On Saturday, July 23, 2011 11:33:03 AM Przemek Klosowski did opine:
> On Fri, Jul 22, 2011 at 3:15 PM, Igor Chudov <[email protected]> wrote:
> > El cheapo ethernet routers cost $9.99:
> >
> > http://www.newegg.com/Product/Product.aspx?Item=N82E16833166034
> >
> > I believe that a cheap Ethernet thermometer would cost roughly as
> > much, if someone wanted to produce it.
>
> Yeah but this Rosewill box is really a plastic box with five
> connectors surrounding a dedicated ethernet switch chip---a mass
> market item that's cheap because they make zillions.
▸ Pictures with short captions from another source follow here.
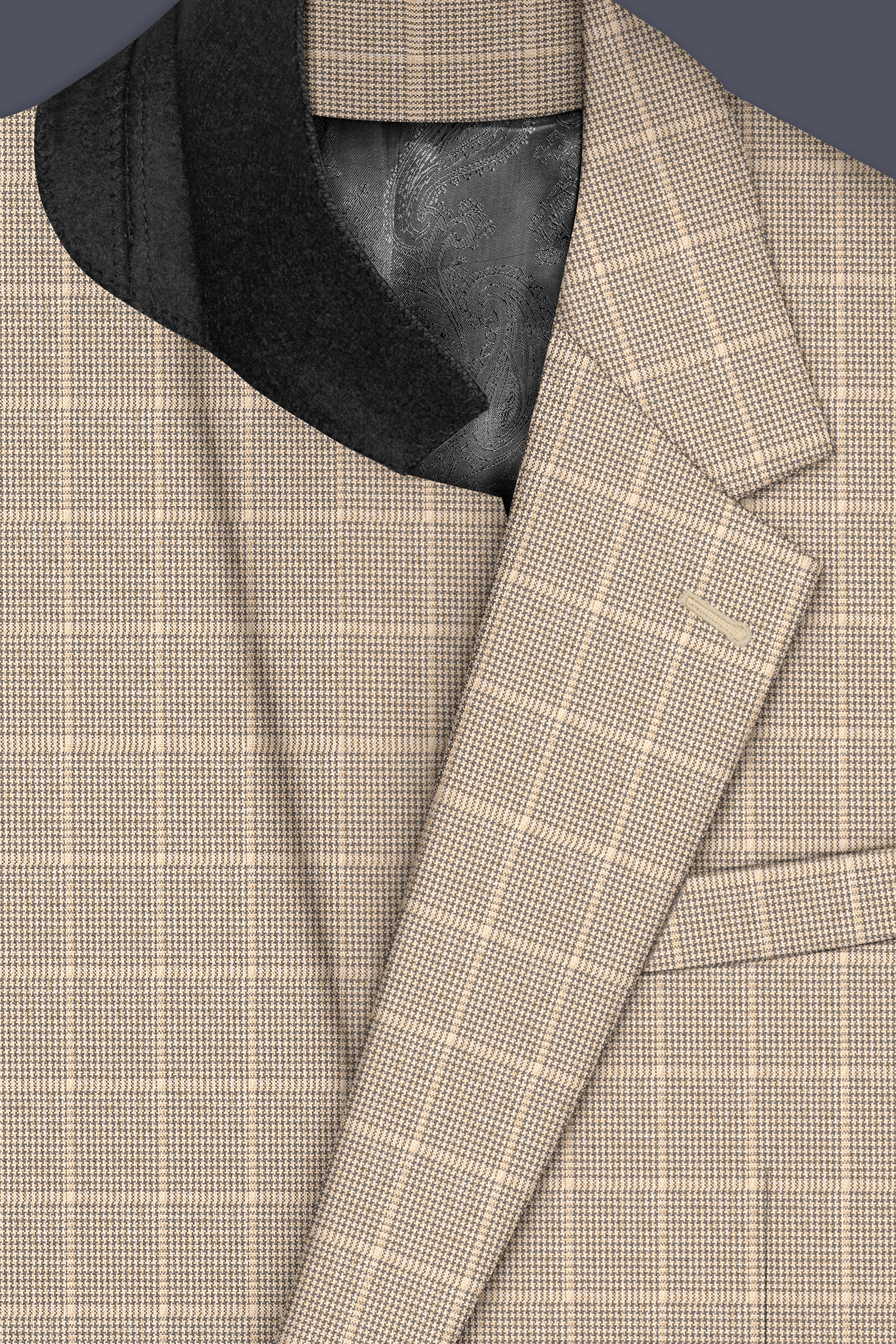 Apricot Brown Subtle Checkered Wool Rich Suit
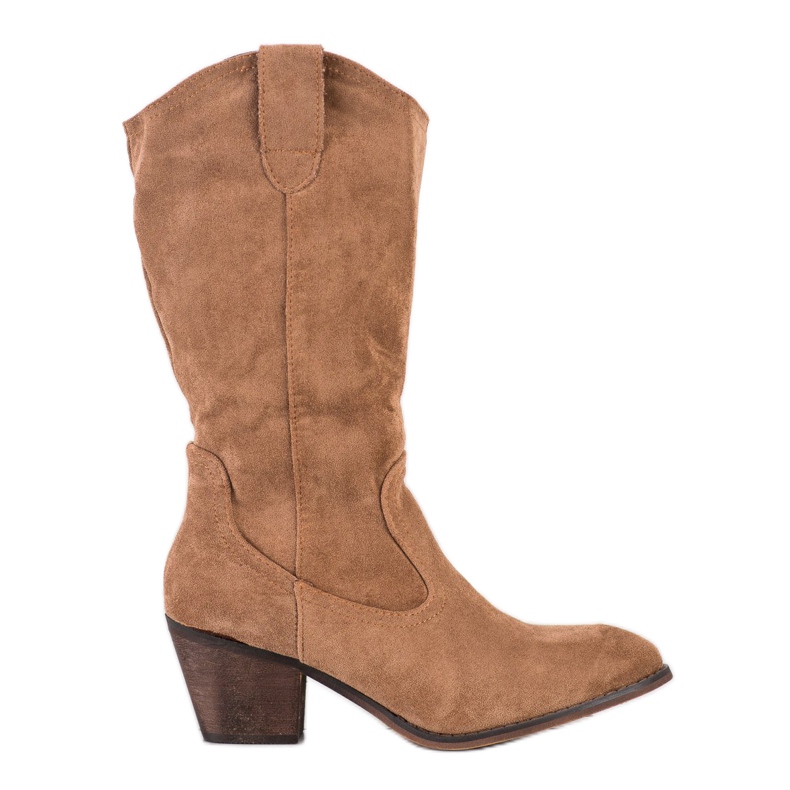SHELOVET Suede cowboy boots brown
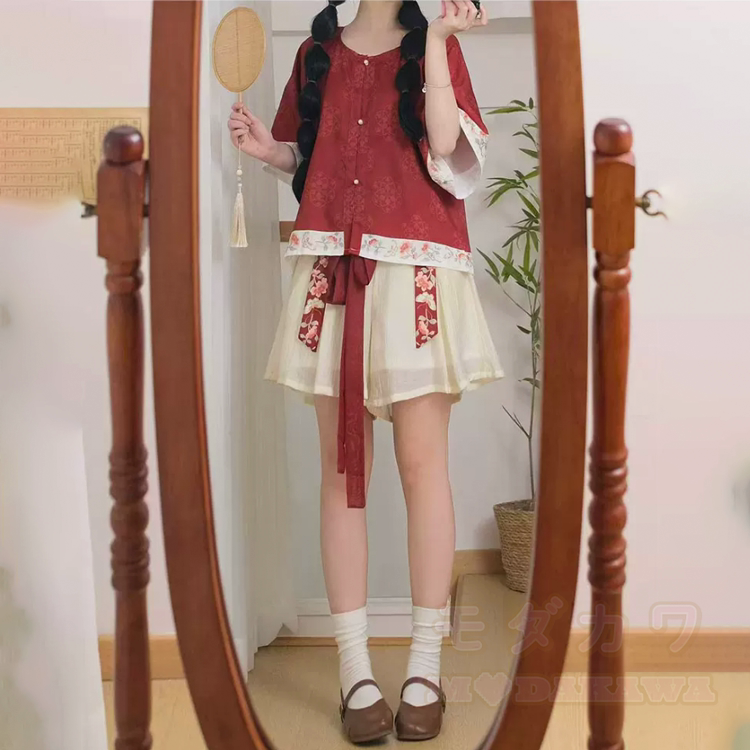 Zweiteiliges Set im chinesischen Blumenstil: Oberteil und Shorts - image 5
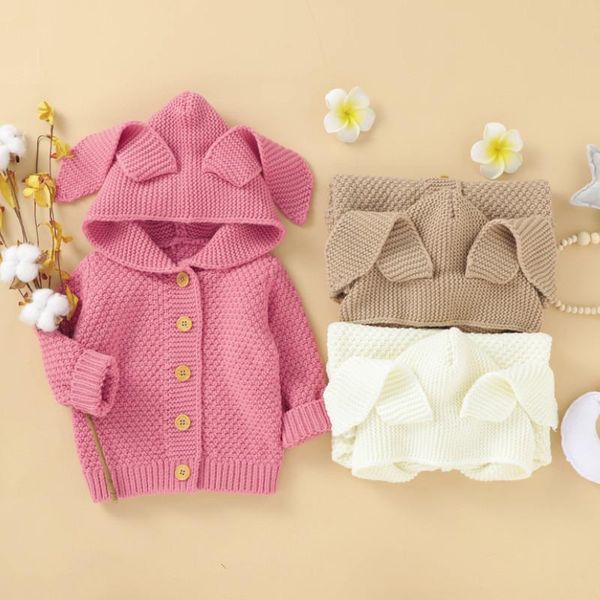 

jackets little girl\u2021s long sleeve knitted cardigan fashion solid color ear warm hooded coat autumn winter, Blue;gray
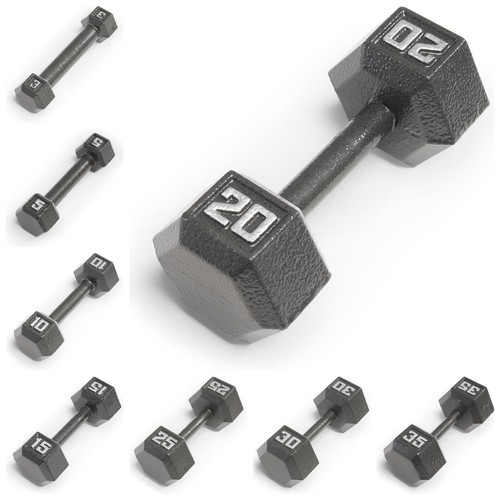 Cast iron hex dumbbell dark - cast,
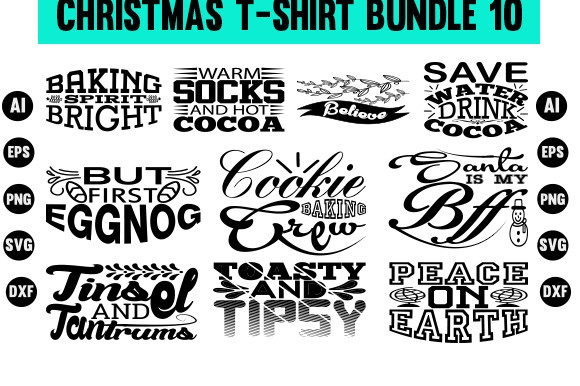 Christmas T Shirt Bundle and T-Shirt Designs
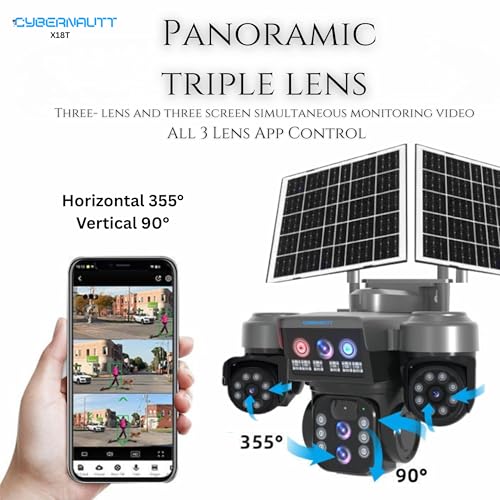 Image of XUGA-Cybernautt X18T 4G Solar Security Camera Outdoor, 18MP Triple Lens Pan-Tilt 4G LTE Cellular Camera with 12000mAh Battery, 355 PTZ, Two-Way Audio, 128GB SD Supported, All Lens Mobile Controlled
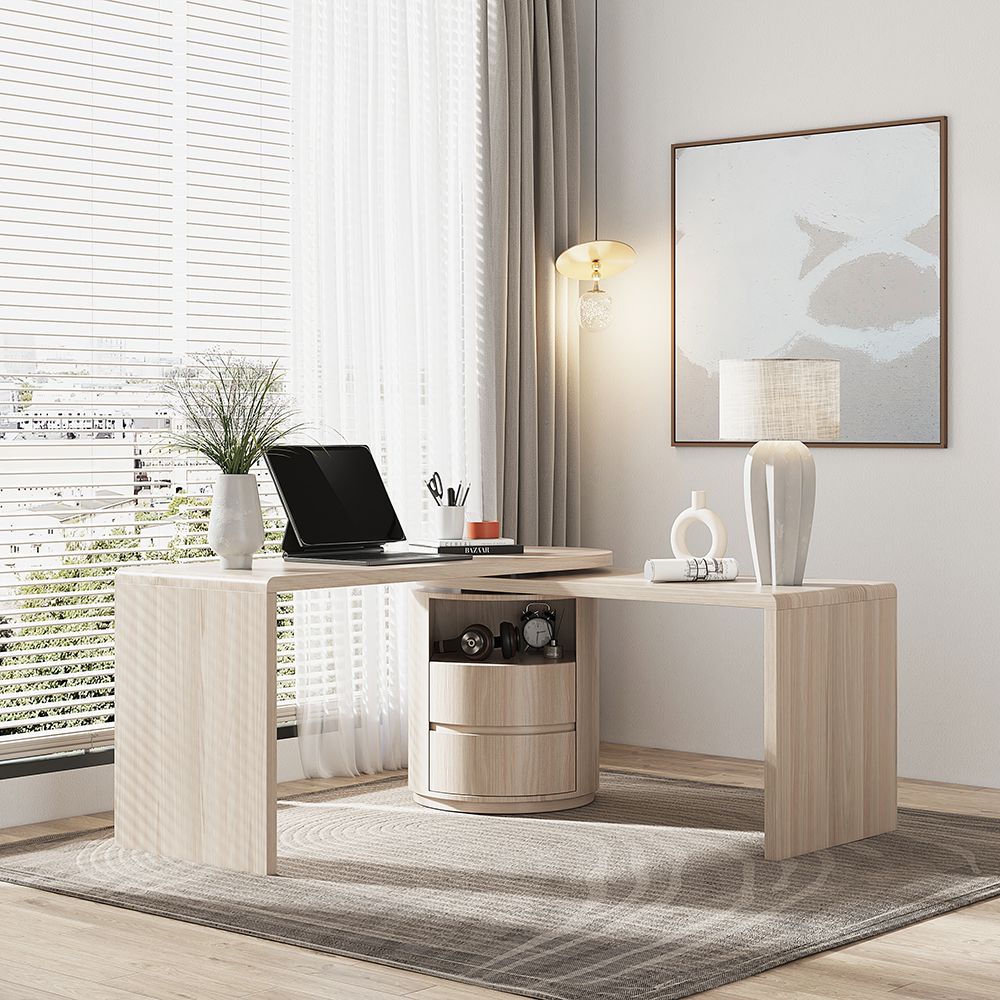 Modern Wash White L Shaped Desk 1 Cabinet & 2 Drawers 60" Oak Executive Office Desk -Homary | Homary
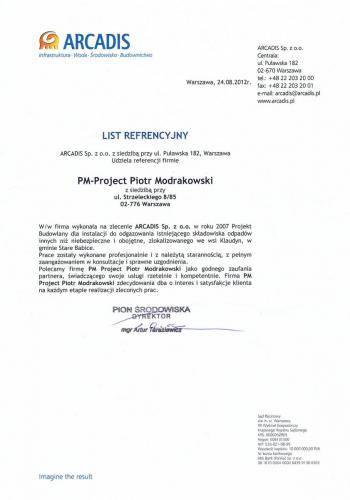 List referencyjny Arcadis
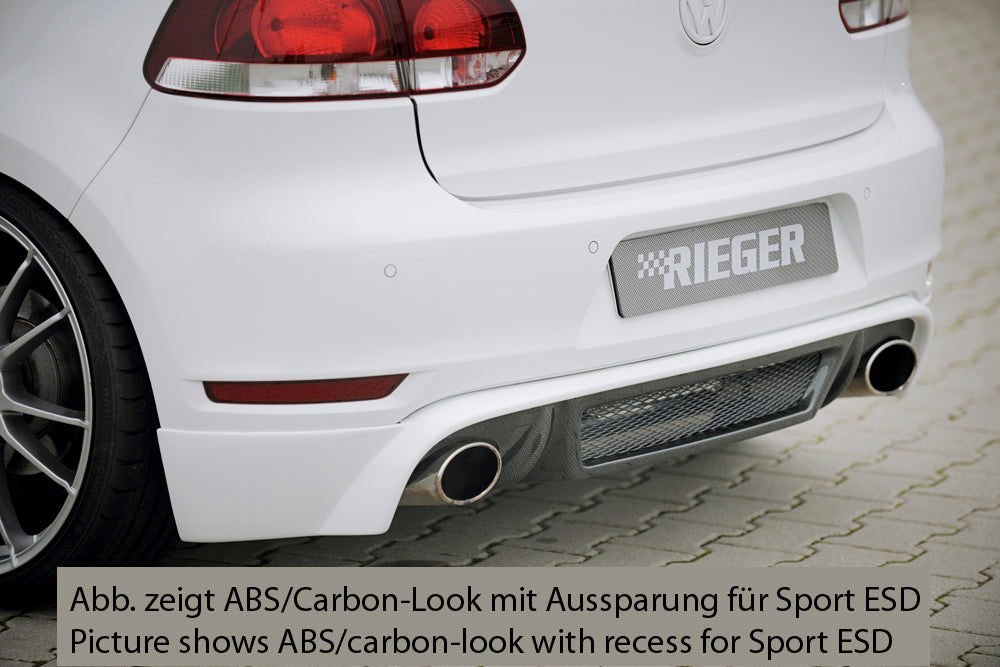 VW Golf 6 GTI Rieger Heckschürzenansatz für orig. Endrohr li. u. re., ABS,
inkl. Alugitter, Montagezubehör, Gutachten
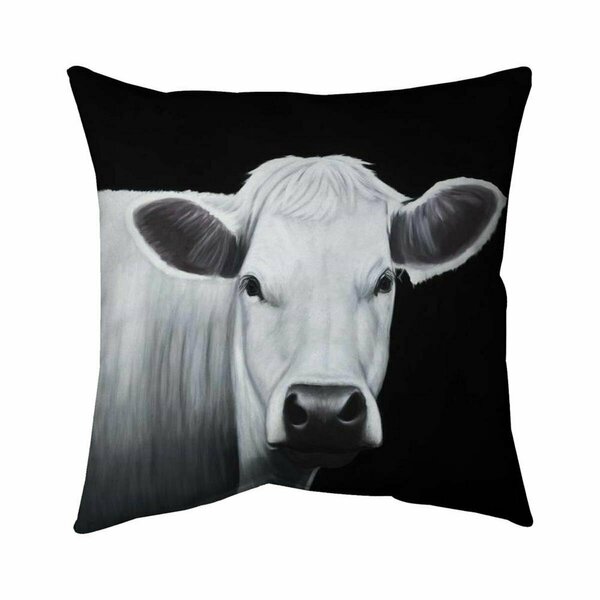 Begin Home Decor 26 x 26 in. White Cow-Double Sided Print Indoor Pillow 5541-2626-AN516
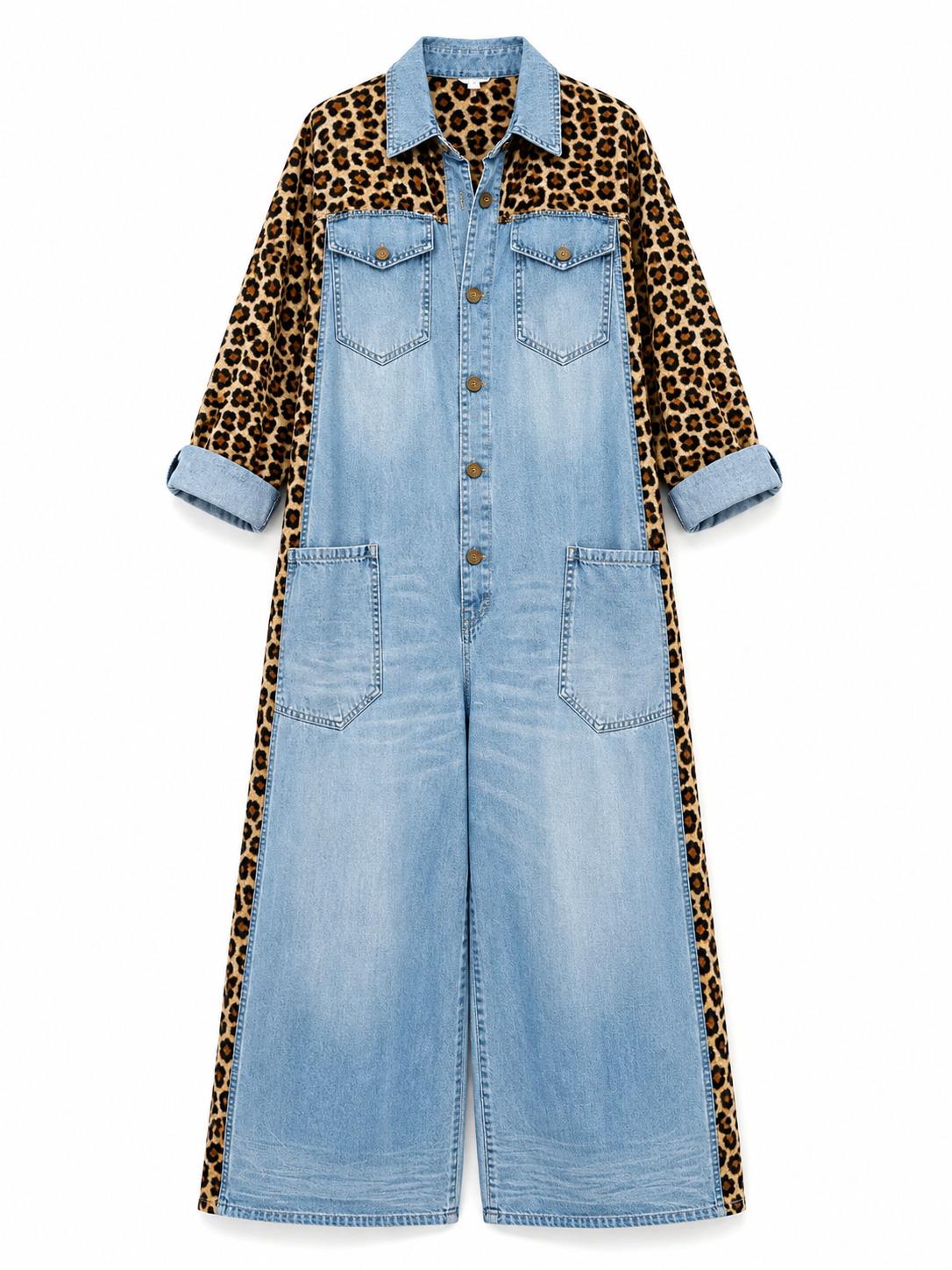 Yasmeen | Mono de Vaqueros de Corte Ancho con Estampado de Leopardo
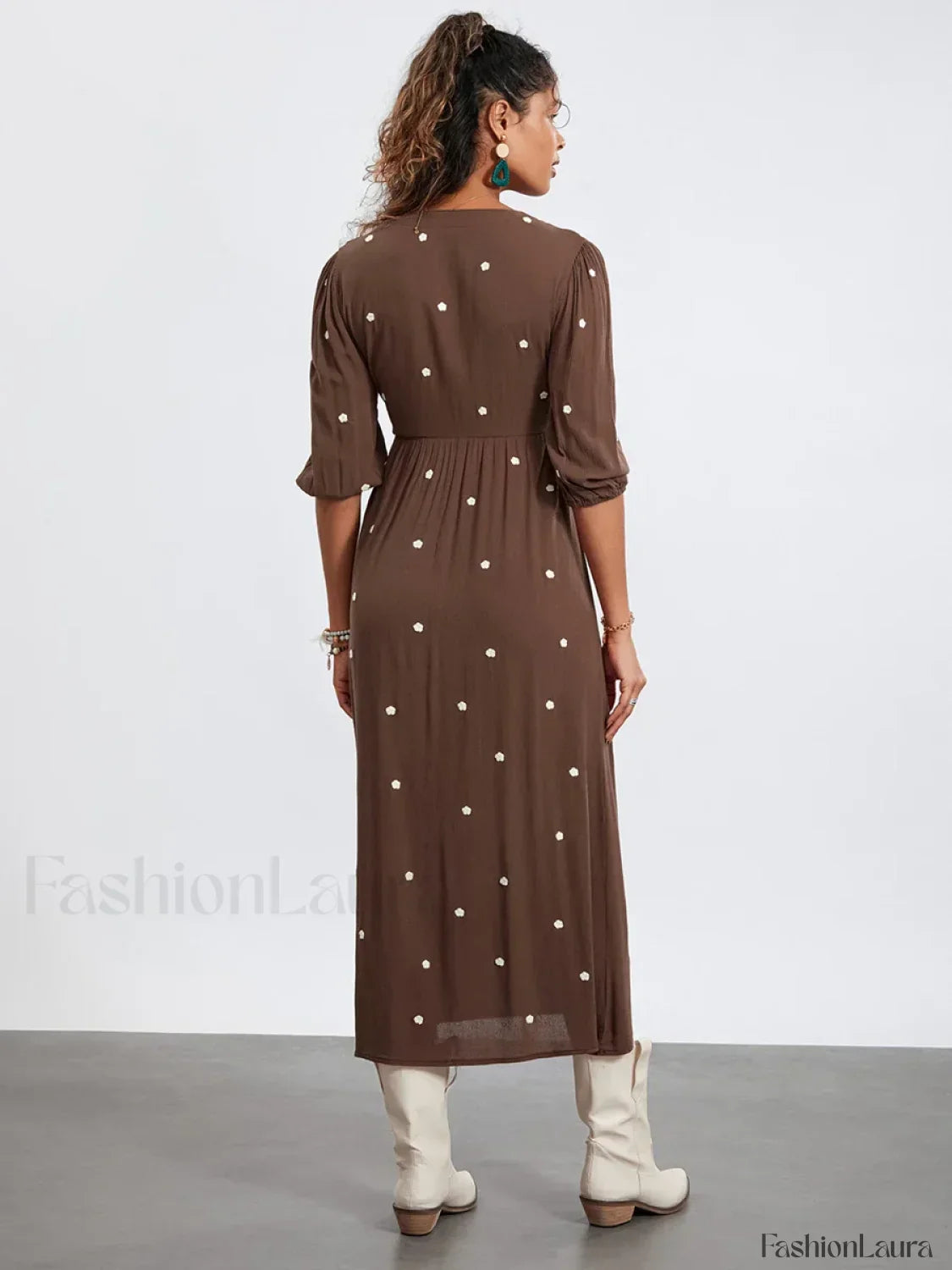 Embroidered Tie-Waist Boho Dress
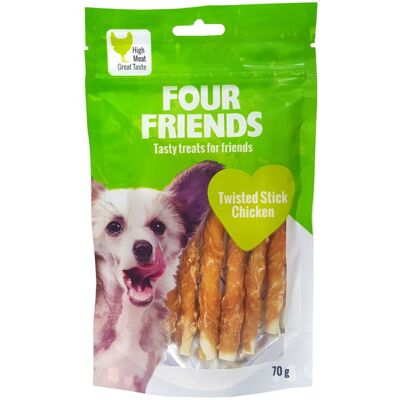 Four Friends Kyckling Twisted Stick Hundgodis - 12,5cm, 7-Pack Four Friends Kyckling Twisted Stick Hundgodis - 12,5cm, 7-Pack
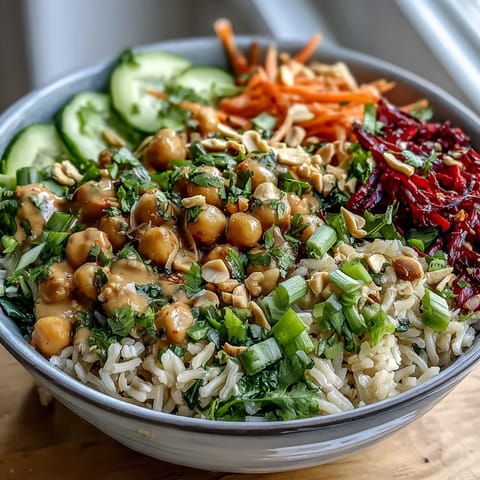 A close-up of the Peanut Chickpea Rice Bowl shows fluffy brown rice topped with chickpeas, shredded carrots, and red cabbage, drizzled with creamy peanut dressing.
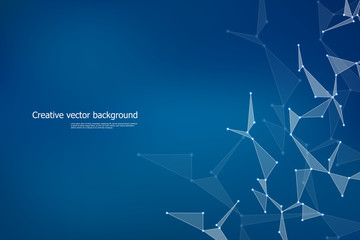 Structure of molecular particles and atom, polygonal abstract background, technology and science concept, vector illustration.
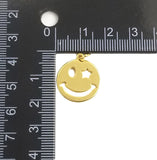 14K Gold Filled Happy Face Charm, Gold Emoji Charm Star Smile Charm Pendant Smiley Face Charms for Necklace Earring Bracelet Supply, CP1248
Anything else has
> volumes that are multiple orders of magnitude smaller.
>
> To get a good price, the only way is to judo the strength of the mass
> market---repurpose an OpenWRT router or a cast-off PC. Even then,
> however, you need the Ethernet cable AND the power line---unless you
> jigged the power (low-voltage DC, of course) over the unused pairs in
> the Ethernet.
>
> This gives me an idea--I think it might work to hook one of those
> two-wire or I2C Dallas/Maxim temp sensors over a long 'ethernet'
> cable, and bitbang them. Does anyone know what are the practical
> limitations on I2C/two-wire? A twisted-pair ethernet cable should
> help...
Unforch, I2C is not really suited for long distances, the cables
capacitance limit is 400 pf, it is not a "terminated" transmission line
design by any stretch. No cat5 type cable has any advantage in its twisted
pair, differential receiver design. Neither do the std 4 wire phone
cables. 40 feet and I2C is Dead in the Water.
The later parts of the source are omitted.